FBR Chairman Rashid Langrial argued that a sales tax already applies to locally assembled solar panels, and exempting imports could potentially harm the domestic industry. However, he was unable to provide concrete data on the local production’s share in total sales and admitted that local supply remained minimal. “If the government doesn’t accept our rejection, the National Assembly will veto it,” asserted Qamar, urging the exploration of alternative methods to support local producers.
Finance Minister Muhammad Aurangzeb contended that the era of subsidies has concluded, to which Qamar swiftly countered by pointing out the government’s recent announcement of subsidies for electric vehicles within the very same budget. “It is a cross subsidy on electric vehicles,” responded Aurangzeb. “It is still a subsidy funded by someone else,” retorted Qamar. The budget had indeed introduced a 1% to 3% engine levy with the aim of generating Rs10 billion for electric vehicle subsidies.
The government has long expressed a desire to reduce reliance on solar energy, which provides a more affordable alternative to costly grid power. “No party in the National Assembly supports the 18% solar tax.
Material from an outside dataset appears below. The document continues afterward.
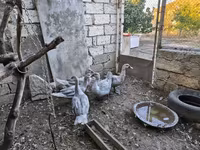 Ducks — Foto 2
The government must withdraw it,” Qamar emphatically stated. The finance minister acknowledged the strong feedback from the committee.
Hybrid Tax Withdrawn: A Reprieve for Green Commutes
In another significant announcement, the government confirmed its decision to withdraw the proposed increase in sales tax on hybrid cars up to 1800cc, thereby maintaining the current rate of 12.5%. This reversal comes at an estimated cost of Rs7 billion in potential revenue. “The 12.5% sales tax on hybrid cars will remain,” confirmed the FBR chairman, indicating that despite the initial announcement in the budget speech, the tax hike would not be implemented.
This marks the second instance within a year that the government has proposed raising the tax on hybrid vehicles, only to backtrack before the budget’s final approval by the National Assembly. Under the existing auto policy, the tax rate on hybrid cars cannot be increased before June 2026, offering a period of stability for this segment.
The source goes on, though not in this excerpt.